**The task:** Up to and including the line with "Moletom Masculino de", please reproduce the lines below exactly, beginning with the first.
══ Task material
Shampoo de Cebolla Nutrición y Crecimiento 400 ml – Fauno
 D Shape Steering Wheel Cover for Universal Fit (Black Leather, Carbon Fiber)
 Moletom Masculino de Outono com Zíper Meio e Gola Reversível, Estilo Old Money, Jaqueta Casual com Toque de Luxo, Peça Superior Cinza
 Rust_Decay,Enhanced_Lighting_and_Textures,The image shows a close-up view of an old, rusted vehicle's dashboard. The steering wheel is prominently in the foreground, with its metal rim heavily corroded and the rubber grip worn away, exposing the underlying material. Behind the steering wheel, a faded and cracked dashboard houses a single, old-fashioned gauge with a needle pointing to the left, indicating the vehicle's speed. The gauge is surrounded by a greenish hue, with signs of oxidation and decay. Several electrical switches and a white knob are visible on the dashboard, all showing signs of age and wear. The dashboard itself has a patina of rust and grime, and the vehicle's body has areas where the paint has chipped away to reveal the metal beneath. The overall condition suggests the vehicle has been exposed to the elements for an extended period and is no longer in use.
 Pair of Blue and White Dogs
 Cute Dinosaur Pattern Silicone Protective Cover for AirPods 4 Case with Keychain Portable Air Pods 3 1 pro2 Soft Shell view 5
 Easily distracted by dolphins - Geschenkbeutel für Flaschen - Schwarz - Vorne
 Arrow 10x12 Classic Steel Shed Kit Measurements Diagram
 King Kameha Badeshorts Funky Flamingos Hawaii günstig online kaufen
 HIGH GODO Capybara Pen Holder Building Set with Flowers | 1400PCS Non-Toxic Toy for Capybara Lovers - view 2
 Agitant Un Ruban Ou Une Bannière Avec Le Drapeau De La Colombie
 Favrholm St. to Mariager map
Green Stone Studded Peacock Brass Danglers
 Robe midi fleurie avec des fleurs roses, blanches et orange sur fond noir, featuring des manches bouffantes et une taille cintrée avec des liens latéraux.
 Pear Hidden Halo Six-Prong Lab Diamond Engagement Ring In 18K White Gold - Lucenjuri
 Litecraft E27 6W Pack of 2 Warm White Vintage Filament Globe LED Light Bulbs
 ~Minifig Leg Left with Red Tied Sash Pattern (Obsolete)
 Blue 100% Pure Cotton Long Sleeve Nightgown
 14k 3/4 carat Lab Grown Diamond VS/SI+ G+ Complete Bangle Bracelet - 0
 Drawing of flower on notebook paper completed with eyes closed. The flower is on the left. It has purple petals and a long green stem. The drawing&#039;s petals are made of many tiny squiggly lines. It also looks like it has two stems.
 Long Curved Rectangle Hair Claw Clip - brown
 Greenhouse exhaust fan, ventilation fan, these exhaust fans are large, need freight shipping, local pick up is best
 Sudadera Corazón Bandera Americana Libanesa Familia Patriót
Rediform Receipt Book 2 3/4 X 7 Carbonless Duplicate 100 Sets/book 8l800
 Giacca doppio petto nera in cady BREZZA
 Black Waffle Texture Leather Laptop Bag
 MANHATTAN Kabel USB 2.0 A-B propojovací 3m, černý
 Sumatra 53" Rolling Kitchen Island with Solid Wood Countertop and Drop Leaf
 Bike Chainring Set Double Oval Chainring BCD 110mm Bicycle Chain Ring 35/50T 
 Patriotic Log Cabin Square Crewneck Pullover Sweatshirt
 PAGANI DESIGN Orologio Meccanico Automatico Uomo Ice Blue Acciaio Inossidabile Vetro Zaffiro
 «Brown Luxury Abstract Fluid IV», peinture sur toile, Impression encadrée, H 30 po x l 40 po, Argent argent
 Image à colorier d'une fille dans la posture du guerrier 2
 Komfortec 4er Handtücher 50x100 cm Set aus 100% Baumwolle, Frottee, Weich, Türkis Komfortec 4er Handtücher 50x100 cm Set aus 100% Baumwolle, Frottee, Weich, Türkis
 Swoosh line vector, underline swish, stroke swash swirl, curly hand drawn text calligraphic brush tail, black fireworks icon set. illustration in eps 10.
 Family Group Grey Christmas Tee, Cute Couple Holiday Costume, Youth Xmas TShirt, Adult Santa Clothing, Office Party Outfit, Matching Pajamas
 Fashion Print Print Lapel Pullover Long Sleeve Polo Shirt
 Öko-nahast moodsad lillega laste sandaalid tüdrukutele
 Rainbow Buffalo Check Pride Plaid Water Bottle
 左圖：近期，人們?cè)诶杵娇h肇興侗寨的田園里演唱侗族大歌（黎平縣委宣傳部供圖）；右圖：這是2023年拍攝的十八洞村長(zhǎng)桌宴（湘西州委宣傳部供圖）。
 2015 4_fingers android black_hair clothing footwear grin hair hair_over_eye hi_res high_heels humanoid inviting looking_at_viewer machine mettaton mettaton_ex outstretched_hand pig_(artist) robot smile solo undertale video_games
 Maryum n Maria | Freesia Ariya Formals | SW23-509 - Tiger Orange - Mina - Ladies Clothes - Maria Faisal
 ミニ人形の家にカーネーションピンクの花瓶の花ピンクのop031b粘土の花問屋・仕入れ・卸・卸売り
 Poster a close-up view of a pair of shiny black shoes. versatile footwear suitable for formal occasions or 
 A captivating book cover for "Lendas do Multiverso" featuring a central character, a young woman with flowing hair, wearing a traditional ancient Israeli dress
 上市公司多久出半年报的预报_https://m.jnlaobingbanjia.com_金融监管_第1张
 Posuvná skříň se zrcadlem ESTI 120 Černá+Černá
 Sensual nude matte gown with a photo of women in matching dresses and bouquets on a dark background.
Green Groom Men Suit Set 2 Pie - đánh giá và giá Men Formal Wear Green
════
**Written reply:**
Shampoo de Cebolla Nutrición y Crecimiento 400 ml – Fauno
 D Shape Steering Wheel Cover for Universal Fit (Black Leather, Carbon Fiber)
 Moletom Masculino de Outono com Zíper Meio e Gola Reversível, Estilo Old Money, Jaqueta Casual com Toque de Luxo, Peça Superior Cinza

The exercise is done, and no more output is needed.